How about an employment dispute? Arguably, a wrongful dismissal suit doesn’t involve a relationship that needs protecting, since the employee most likely will leave the workplace. But what if that employee was popular in the office or on the factory floor? A scorched-earth campaign by the employer to win the lawsuit could poison relationships with the remaining workforce. There are no hard and fast rules here — only a recognition that the more valuable the relationship that could be adversely affected by a destructive trial, the less suitable a venue for the dispute resolution process a trial becomes.
It would be great if this could become not just a useful guideline for advocates and mediators, but also an embedded feature of civil DR systems. But for that to happen, we would first need to do something that’s long overdue: Massively increase and diversify the supply of public dispute resolution mechanisms.

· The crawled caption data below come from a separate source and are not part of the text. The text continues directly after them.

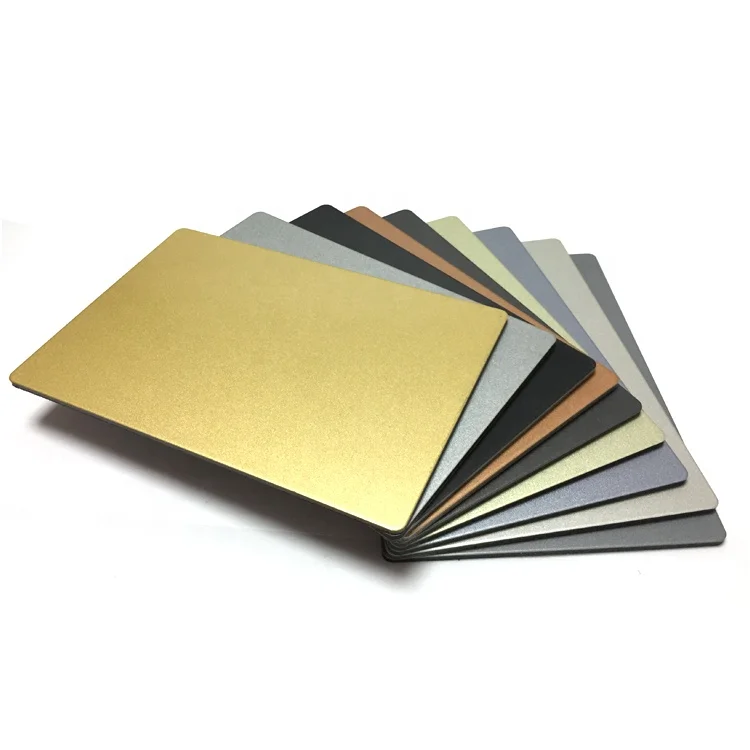 PE Coating 3mm/4mm Aluminum Composite Panel Competitive Price House Cladding Exterior Wall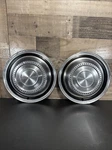 1972 - 1980 International Oem Harvester Scout Terra Traveler 15 Hubcaps Pick Up. Fixed Price $74.99.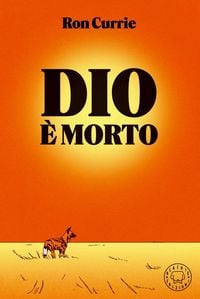 Produktbild: Dio &egrave; morto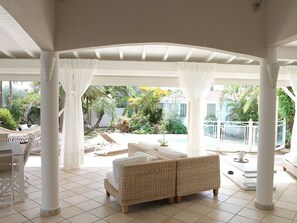 Terras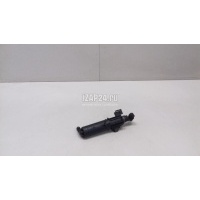 Форсунка омывателя фары VAG A5/S5 [8F] Cabrio (2010 - 2016) 8T0955101B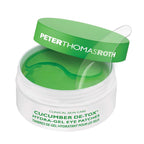 Peter Thomas Roth Cucumber De-Tox Hydra-Gel Eye Patches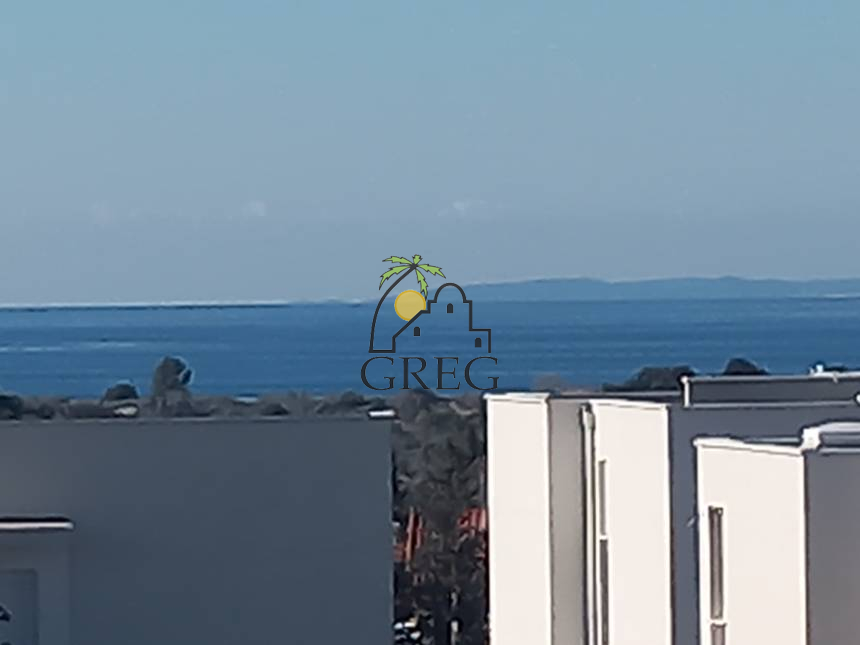 Chorwacja, Wyspa Pag,  - Apartamentowiec, na sprzedaż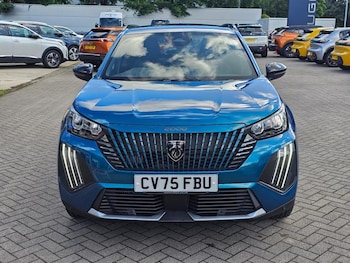 Used Peugeot 2008 2025 for sale - 78846025: Photo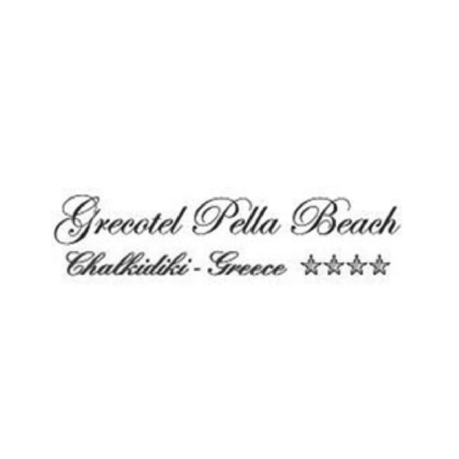 Go to the website of our client -Grecotel Pella Beach (external link - opens in new tab)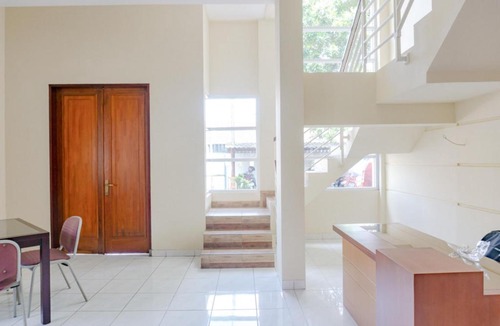 Pogung Lor Hotel | RedDoorz near Jogja City Mall 4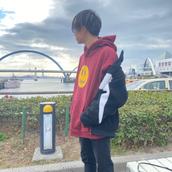 tsubasaくん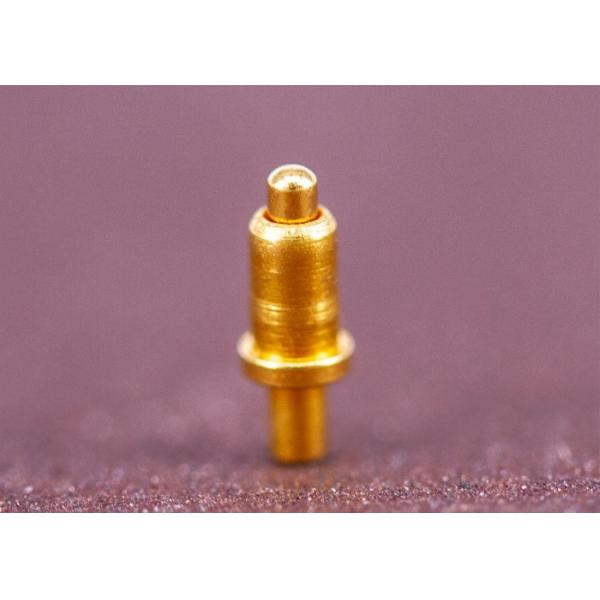 Buy Circuit Board Spring Loaded Wire Connector Telecommunications Applied at wholesale prices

It’s not good enough that the only recourse for the vast majority of civil disputes is the court system; the majority of cases don’t belong there. It’s also not good enough to divert these other disputes to mediation or arbitration. For one thing, these are private services that not everyone can afford or access.
For another, many disputes don’t need a mediated settlement or an “arbitrary” decision — they need a definitive ruling on a critical point of fact or law by a qualified public official. Psychologically, in order to feel that their dispute really has been resolved, many people need “their day in court.”
But that day doesn’t need to be in an actual courtroom or in an actual trial. If we had a range of public (or publicly affiliated) DR options, with a mix of declarations and mediations as appropriate to each case, we could not only lower the enormous pressure on courts and reduce trial backlogs, we could also achieve swifter, less expensive, and more relationship-preserving dispute resolution for a greater number of people.
Our civil dispute resolution system is broken. It’s a quagmire that makes almost everyone involved with it miserable. We need to fix it, or more likely, replace it with a fleet of better options. When we finally do get that project underway, we should align our range of new solutions along a spectrum of relationship preservation. We should recalibrate and reconfigure our DR processes to ensure the strength and resiliency of ongoing human relationships.
Absolutely right. The system is broken. To the parties, serves the process rather than a swift and cost-effective resolution.
It’s why I promoted The Expert Determination off ramp from the clogged civil dispute highway. Get a properly schooled and practiced Expert in the applicable tech and law to decide and set aside the animosity and angst.
Mediation is fine if the relationship remains posaible. But if only a distributive result is possible, get off the choked heavy, lawyer-driven highway.
With Respect
The average litigant experiences less than 3% of a trial, because immediately of all the lawyers saying these things, and underneath the government’s unwillingness to pay for trials.
Yours Sincerely
Wow, did you nail it!! I don’t know how litigators do it and keep their sanity. Even when a client wins in litigation, they lose.